Anyway, Me and Mimbutu packed up and loaded up in the truck for our long drive down the beach.










All in all, it was a great trip! One that I will never forget! Caught some fish, spent time with good friends, and my fly fishing confidence has increased dramatically! Hopefully I can go next year with my tooth back in it's place!


----------



## [email protected] (Jan 14, 2005)

Great report! Nice fish too!


----------



## Joe T (Dec 13, 2012)

nice report thanks for sharing .when im there i always hit the submerged rocks on the channel side first love that spot for trout.


----------



## Laguna Freak (Nov 15, 2006)

*Wow!*

What a great documentary. I almost feel like I was there too...

You are blessed indeed.


----------



## TxAdam (Jun 28, 2007)

Nice. Thanks for sharing! I've never made that long drive down PINS before and now I'm thinking I must add that to my list of things to do next year.

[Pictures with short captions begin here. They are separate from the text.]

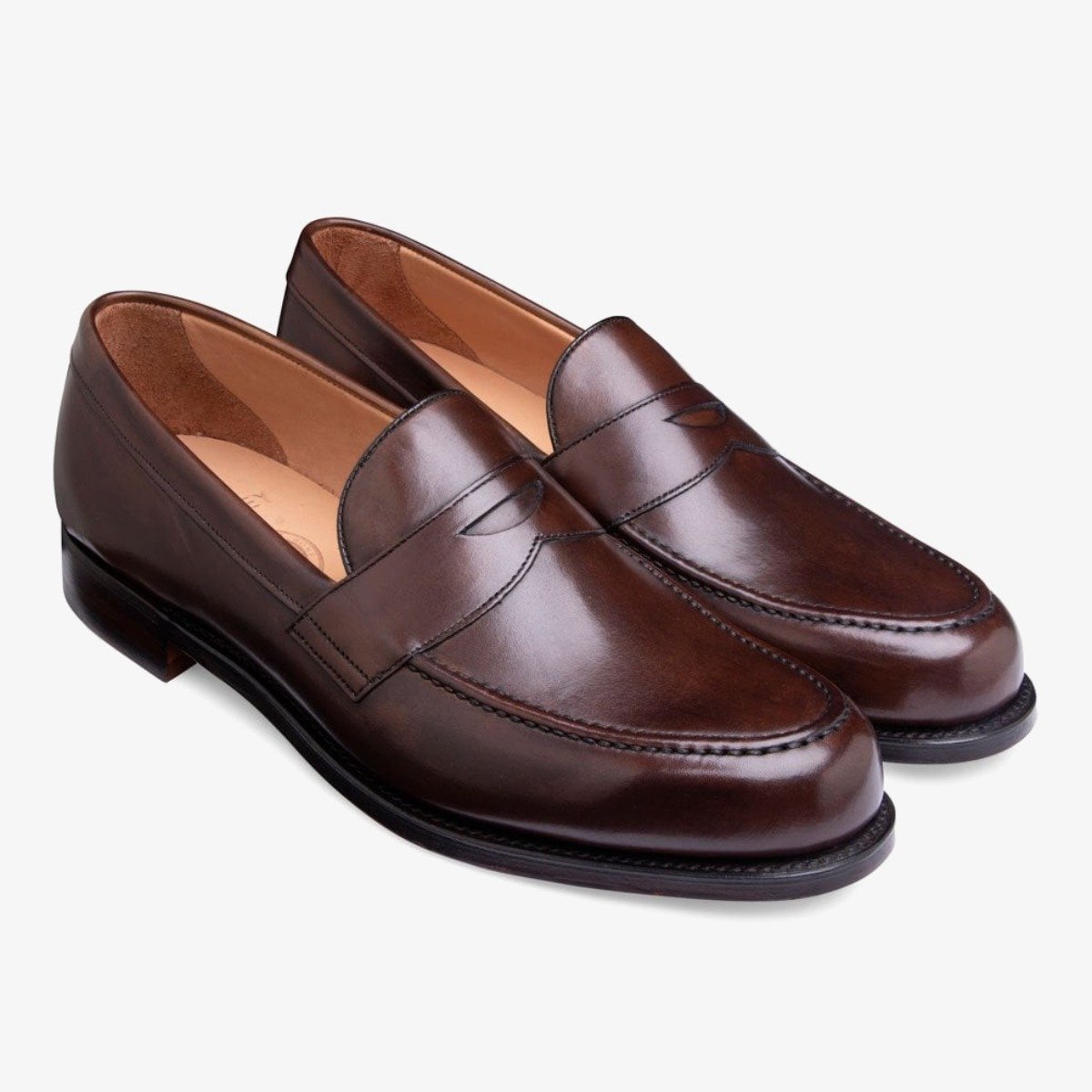 Cheaney Hudson mocha penny loafers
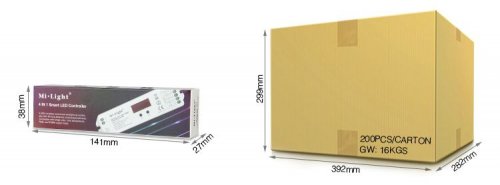 Багатозонний контролер Mi-Light Single color/Dual White/RGB/RGBW 4 в 1 Smart LED TK-1U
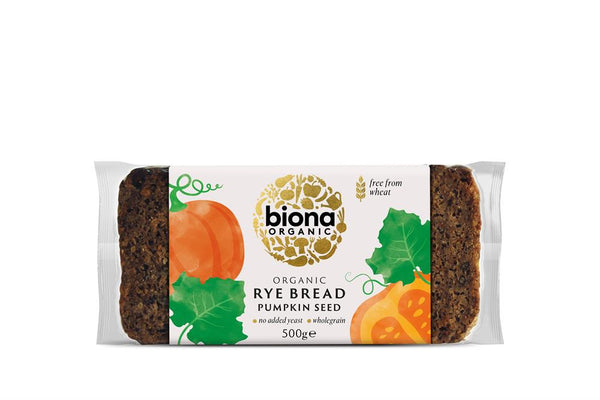 Organic Rye Bread - Pumpkin Seed - 500g, Biona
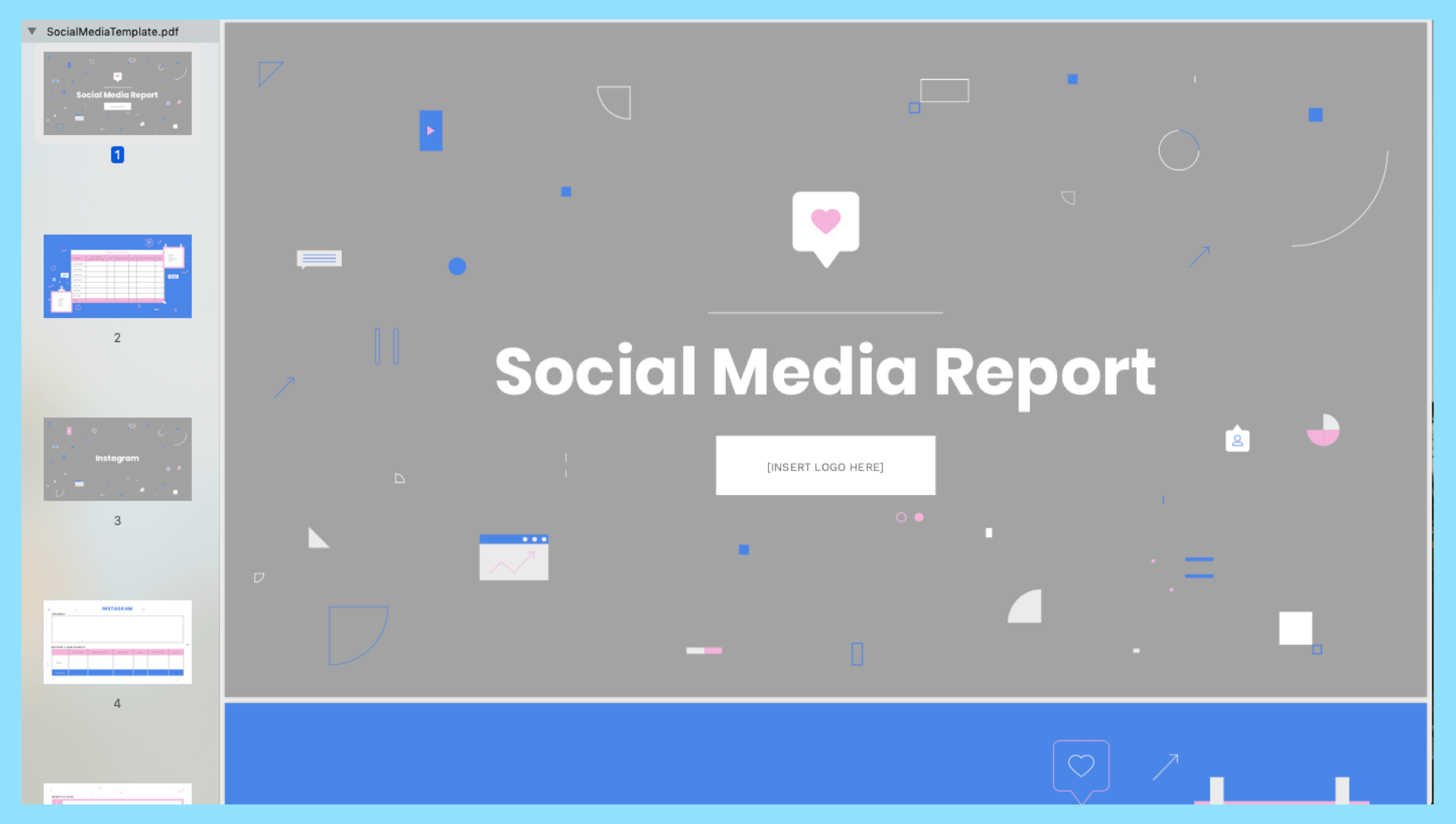 How To Build A Monthly Social Media Report Regarding Social Media Weekly Report Template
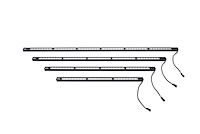 Luminix Light Bars Luminix EDGE High Power LED-50 Light Bar-48 LED-19 200LM-51.63x.75x1.5-Inches.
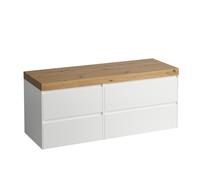 LAUFEN LANI Plan de toilette chêne sauvage avec meuble sous-lavabo, sans découpe, grand tiroir à droite, 1370x495x580mm, H4065811129991, H4065811129991, Colorazione: multicolore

I bet whenever you think about the fish that came unbuttoned you can still feel that headshake in your forearms. That's what always makes me go back!


----------



## SurfRunner (May 22, 2004)

TxAdam said:


> I bet whenever you think about the fish that came unbuttoned you can still feel that headshake in your forearms. That's what always makes me go back!


 You are right on about that! I can still feel that head shake!


----------